Mumford and Sons is a folk rock band from London, England. The band is a quartet consisting of Marcus Mumford, who is the lead vocalist and also plays instruments like the acoustic and electric guitar. Ben Lovett, who displays his skills on the drums and the synthesizer, Winston Marshall, who manages the electric guitar as well, and Ted Dwane, who plays bass guitar. They have so far released 3 albums, “Sigh No More” (2009), “Babel” (2012) and now, “Wilder Mind”.
The new album shocked me with a big change in the way that the band chose to convey their music. “Disappearing Banjos” should have been the new name for the album as the band has taken a step in a different direction, throwing away most of the acoustic instruments and replacing them with prominent percussive energy and amazing riffs on the electric guitar.
The first single on the new album, “Believe”, generated a lot of controversy as many people felt that the band was underplaying their music and that the arrangement did not suit the kind of music that the band should play.
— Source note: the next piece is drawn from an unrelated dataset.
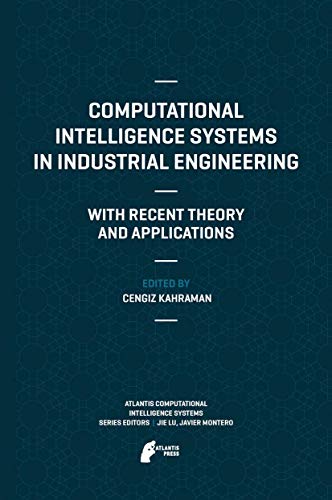 9789462390546: Computational Intelligence Systems in Industrial Engineering: With Recent Theory and Applications: 6 (Atlantis Computational Intelligence Systems)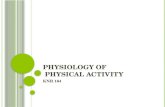 P HYSIOLOGY OF P HYSICAL A CTIVITY KNR 164. P HYSIOLOGY OF P HYSICAL A CTIVITY Often called: Exercise Science or Exercise Physiology Principles of biology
However, in my opinion, the lyrics of “Believe” make this song one of the most empowering songs that I have heard. It speaks of the difficulties and strains of an arduous relationship via the raspy, belting vocals of Marcus Mumford. The delivery of the drums and the electric guitar midway through gives the punch that does the song justice in the end.
The next track, “The Wolf”, goes “right to the feels” opening the song with a bang. The consistent bass line and drums make this song such a pleasure to listen to. And the backing vocals that can be heard in the prechorus to the chorus help to give the music an additional layer to appreciate. However, I feel that the backing vocals could have been more consistent throughout the song, as the overall vocal power struggles to keep up with the energy of the instrumentals.
The lead single, “Wilder Mind”, honestly isn’t the best track in the album. It doesn’t pack the hardest punch either lyrically or instrumentally. However, I appreciate the toning down of some of the tracks as the album is full of fast paced “loud” music that could get a little overkill. “Ditmas” remains as one of my favourite songs of the album. The power of the drums and the melodic hooks add a great touch to the song. The backing vocals and the riffs of the electric guitar enhances the beauty of this track. The song touches me in a way that many songs are unable to, dealing as it does with the aftermath of a broken relationship. Songs like “Tompkins Square Park” show the versatility of the band, with groovy basslines and the stunning performance of the vocalists. This song is indeed performed to impress.
Although there are some songs that could be improved upon, I feel that no track is downright bad or off, and the lyrical sincerity of the band still continues to amaze me. All in all, “Wilder Mind” honestly isn’t my favourite album on the first listen. However, this album does eventually grow on you. The band’s transition of music genre shows how versatile they are as a quartet.